[Material for this task Boundary: Start]
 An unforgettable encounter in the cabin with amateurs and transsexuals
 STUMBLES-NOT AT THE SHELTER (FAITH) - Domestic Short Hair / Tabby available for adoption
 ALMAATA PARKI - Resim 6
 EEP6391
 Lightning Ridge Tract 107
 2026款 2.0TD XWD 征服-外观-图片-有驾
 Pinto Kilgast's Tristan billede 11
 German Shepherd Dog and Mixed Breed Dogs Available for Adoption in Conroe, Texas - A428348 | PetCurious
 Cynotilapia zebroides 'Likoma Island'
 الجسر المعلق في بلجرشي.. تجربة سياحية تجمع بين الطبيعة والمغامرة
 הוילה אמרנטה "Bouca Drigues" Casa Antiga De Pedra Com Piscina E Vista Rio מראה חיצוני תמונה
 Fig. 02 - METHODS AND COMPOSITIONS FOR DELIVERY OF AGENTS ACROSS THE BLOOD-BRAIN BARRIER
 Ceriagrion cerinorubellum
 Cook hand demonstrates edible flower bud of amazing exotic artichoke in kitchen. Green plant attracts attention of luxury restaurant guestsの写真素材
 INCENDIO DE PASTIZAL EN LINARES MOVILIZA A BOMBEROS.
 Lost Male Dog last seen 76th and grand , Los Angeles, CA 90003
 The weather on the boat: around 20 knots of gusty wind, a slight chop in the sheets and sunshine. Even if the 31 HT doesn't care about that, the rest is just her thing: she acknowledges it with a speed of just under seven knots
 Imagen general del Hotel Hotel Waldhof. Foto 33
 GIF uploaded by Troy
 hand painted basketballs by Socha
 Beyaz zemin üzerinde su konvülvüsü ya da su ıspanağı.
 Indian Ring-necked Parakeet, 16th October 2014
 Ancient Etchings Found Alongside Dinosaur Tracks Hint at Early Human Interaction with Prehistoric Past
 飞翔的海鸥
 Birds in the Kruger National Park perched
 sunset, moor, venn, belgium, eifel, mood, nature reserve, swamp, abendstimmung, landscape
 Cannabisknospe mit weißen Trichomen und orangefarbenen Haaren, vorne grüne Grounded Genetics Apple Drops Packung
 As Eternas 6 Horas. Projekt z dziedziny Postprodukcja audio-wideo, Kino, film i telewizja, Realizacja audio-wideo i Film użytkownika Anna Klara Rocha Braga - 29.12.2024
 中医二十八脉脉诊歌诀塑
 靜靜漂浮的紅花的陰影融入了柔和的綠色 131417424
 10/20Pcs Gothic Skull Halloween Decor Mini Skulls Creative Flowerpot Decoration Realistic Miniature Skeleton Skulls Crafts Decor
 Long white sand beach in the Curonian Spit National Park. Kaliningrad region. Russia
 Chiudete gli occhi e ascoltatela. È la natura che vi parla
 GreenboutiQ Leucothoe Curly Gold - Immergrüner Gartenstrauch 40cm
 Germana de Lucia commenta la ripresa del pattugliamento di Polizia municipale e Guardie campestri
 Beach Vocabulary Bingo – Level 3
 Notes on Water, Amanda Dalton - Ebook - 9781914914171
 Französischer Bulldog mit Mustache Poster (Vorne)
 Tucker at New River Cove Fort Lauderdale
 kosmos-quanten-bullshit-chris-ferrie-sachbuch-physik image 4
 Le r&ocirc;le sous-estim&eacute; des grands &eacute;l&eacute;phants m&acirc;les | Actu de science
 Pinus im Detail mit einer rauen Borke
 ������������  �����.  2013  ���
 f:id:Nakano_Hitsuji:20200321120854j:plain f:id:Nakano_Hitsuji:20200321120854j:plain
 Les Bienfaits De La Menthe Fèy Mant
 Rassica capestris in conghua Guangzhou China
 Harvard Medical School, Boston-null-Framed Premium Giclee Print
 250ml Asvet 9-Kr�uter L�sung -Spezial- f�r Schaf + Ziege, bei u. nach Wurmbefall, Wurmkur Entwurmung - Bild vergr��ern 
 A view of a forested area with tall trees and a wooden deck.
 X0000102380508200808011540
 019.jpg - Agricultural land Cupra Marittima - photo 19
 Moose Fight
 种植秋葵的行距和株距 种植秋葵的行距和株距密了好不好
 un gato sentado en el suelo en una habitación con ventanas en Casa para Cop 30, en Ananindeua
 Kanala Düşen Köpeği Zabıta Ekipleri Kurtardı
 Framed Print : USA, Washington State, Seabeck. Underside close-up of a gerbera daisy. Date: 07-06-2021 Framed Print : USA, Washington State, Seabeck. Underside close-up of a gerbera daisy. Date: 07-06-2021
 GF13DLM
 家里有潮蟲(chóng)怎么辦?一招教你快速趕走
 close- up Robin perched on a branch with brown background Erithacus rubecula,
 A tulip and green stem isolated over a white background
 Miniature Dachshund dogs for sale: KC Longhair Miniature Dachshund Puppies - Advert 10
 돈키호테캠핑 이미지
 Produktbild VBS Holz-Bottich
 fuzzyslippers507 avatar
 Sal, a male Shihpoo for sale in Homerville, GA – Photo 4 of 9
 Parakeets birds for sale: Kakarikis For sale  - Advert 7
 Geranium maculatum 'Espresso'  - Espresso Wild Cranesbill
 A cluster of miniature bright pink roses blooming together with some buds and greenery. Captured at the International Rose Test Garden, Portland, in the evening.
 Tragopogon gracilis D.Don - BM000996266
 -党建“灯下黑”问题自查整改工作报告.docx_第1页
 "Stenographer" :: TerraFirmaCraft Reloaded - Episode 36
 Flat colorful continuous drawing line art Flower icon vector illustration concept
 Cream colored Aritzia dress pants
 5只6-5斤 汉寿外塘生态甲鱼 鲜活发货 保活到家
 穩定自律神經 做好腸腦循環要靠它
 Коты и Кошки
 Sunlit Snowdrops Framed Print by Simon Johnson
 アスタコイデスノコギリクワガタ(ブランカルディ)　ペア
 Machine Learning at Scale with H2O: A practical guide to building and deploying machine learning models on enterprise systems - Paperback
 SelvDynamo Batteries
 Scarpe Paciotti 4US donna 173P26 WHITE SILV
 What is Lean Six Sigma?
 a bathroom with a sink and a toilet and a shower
[Material for this task Boundary: End]
» What needs to be done:
Each line of the data that contains "hand" belongs in the answer.

» Expected output:
 Cook hand demonstrates edible flower bud of amazing exotic artichoke in kitchen. Green plant attracts attention of luxury restaurant guestsの写真素材
 hand painted basketballs by Socha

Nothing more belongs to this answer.